★ Trick Mirror
Trick Mirror: Reflections on Self-Delusion, a book of nine original essays from New Yorker writer Jia Tolentino, makes for great listening. She finds a personal angle to big topics within our modern culture, such as in “The I in the Internet” when Tolentino takes the listener through her personal history with the internet (which will be familiar to anyone who browsed the web in the 1990s and early 2000s), traces it to the modern day and reveals how it has shaped our realities. She draws connections between radical political movements and the way popular websites encourage us to turn inward. She comes to a stark conclusion about the way we allow ourselves to be used by corporations. In another essay, she reflects on her experience as a reality TV star and provides insight into the medium. Tolentino narrates the essays herself, which emphasizes her sharp wit and adds an intimacy to the more personal stories.
Never Have I Ever
In Never Have I Ever, Amy’s blissful, suburban Florida life is turned upside down when new neighbor Roux shows up at her book club and turns the discussion toward everyone’s deepest, darkest secrets. Roux earns a living through blackmail, and Amy gets tangled up in something far beyond a party game. This is a fun thriller grounded in textured relationships that include a controlling best friend and a quirky teenage stepdaughter. I kept thinking I knew where the story was going, but there were twists upon twists I truly could not see coming. Author Joshilyn Jackson does a pitch-perfect job narrating her own novel. The Alabama-born writer gets the pretend-nice, passive-aggressive, classically Southern voice just right.
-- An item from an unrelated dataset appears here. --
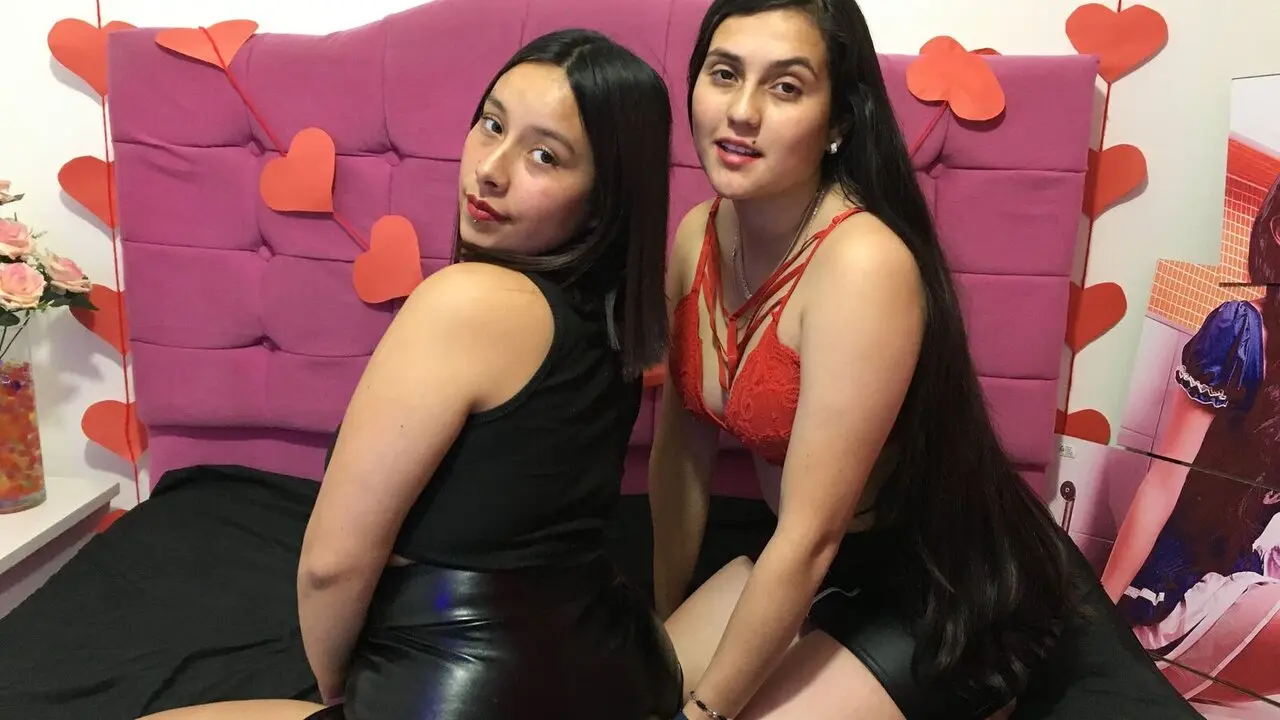 View ZoeAndJane Fuck Vids and Pics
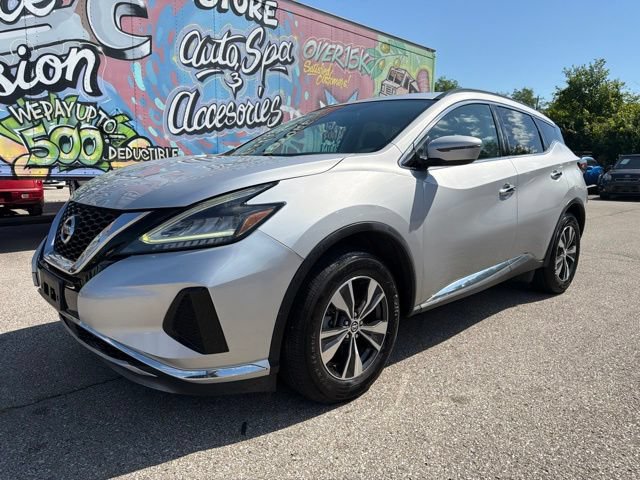 Used 2020 Nissan Murano SV FWD image 3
All the characters in James Gregor’s debut novel are horrible people, but I couldn’t help but root for them. Richard is a Ph.D. candidate struggling with writer’s block. His classmate Anne helps him by doing his work for him, buying him fancy meals and paying for taxis. In return, she expects a romantic relationship, and he is happy to oblige—despite being gay. It all comes to a head when things get serious between Richard and a former online fling. He is forced to choose between the handsome lawyer, who’s definitely husband material (even if he’s a little too into Ayn Rand), and the woman who holds the key to his academic success. Going Dutch pokes fun at online dating, New York intellectuals, money and manners. Narrator Michael David Axtell infuses Richard’s inner monologues with wry humor, making his observations even more biting.